Among the entries below, retype exactly the lines starting with the one with "883 N Grant" and going on through the one with "BMW 7-Series 7", but not the pictures.

===== Provided records

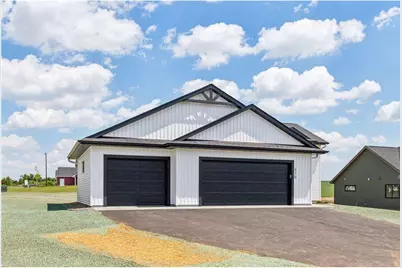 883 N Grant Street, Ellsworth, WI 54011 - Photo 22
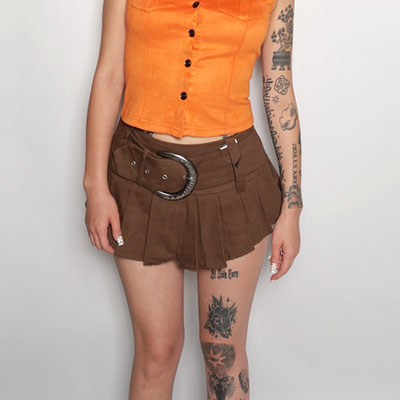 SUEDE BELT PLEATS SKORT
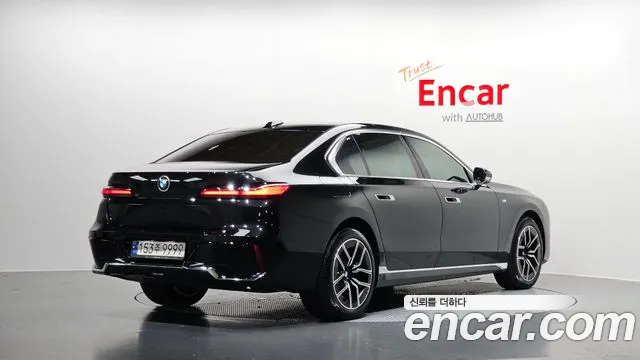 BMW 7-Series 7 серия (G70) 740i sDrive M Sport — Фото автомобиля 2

==========
===== Provided records

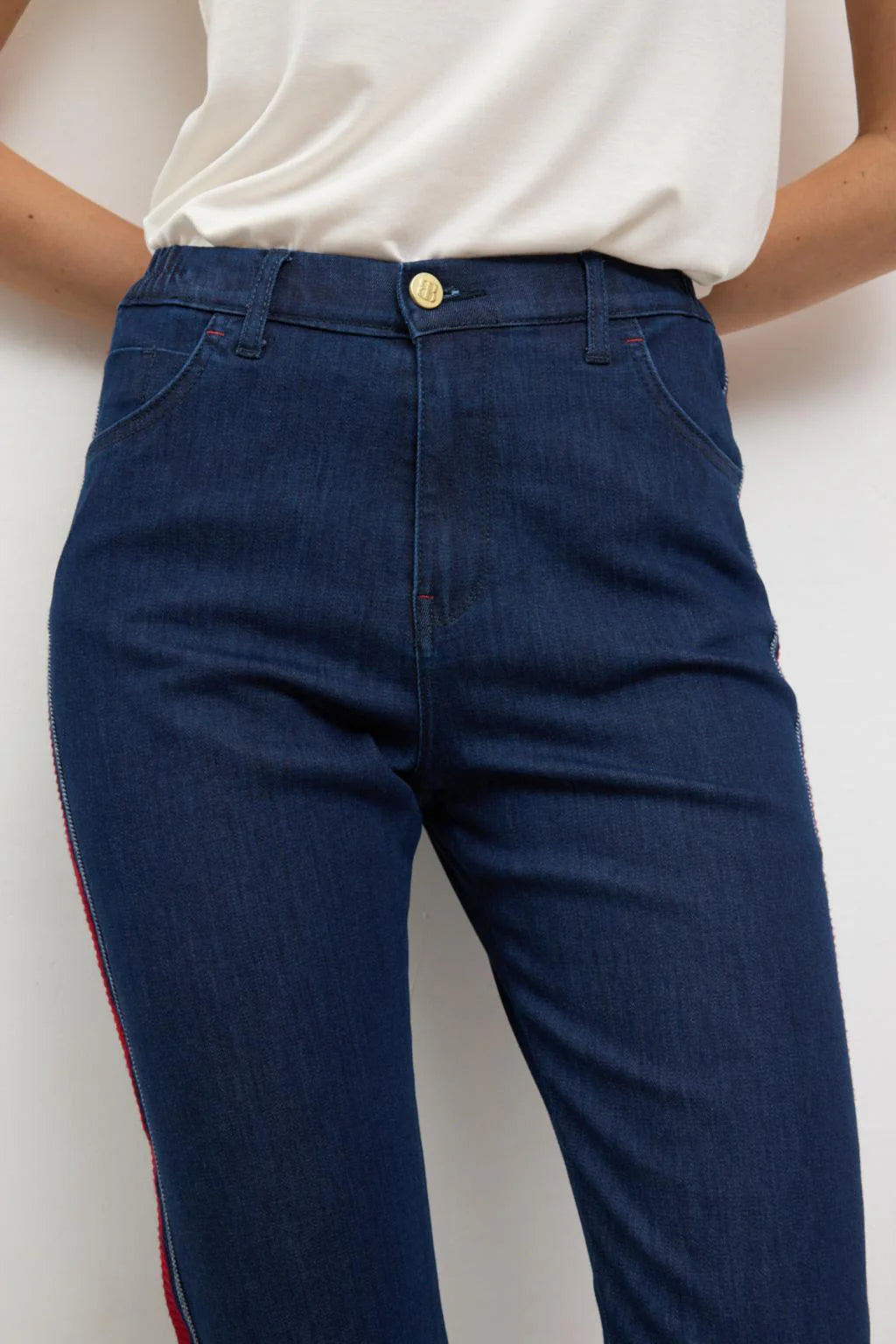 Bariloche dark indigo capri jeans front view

==========

#### [Answer for this exercise]
 883 N Grant Street, Ellsworth, WI 54011 - Photo 22
 SUEDE BELT PLEATS SKORT
 BMW 7-Series 7 серия (G70) 740i sDrive M Sport — Фото автомобиля 2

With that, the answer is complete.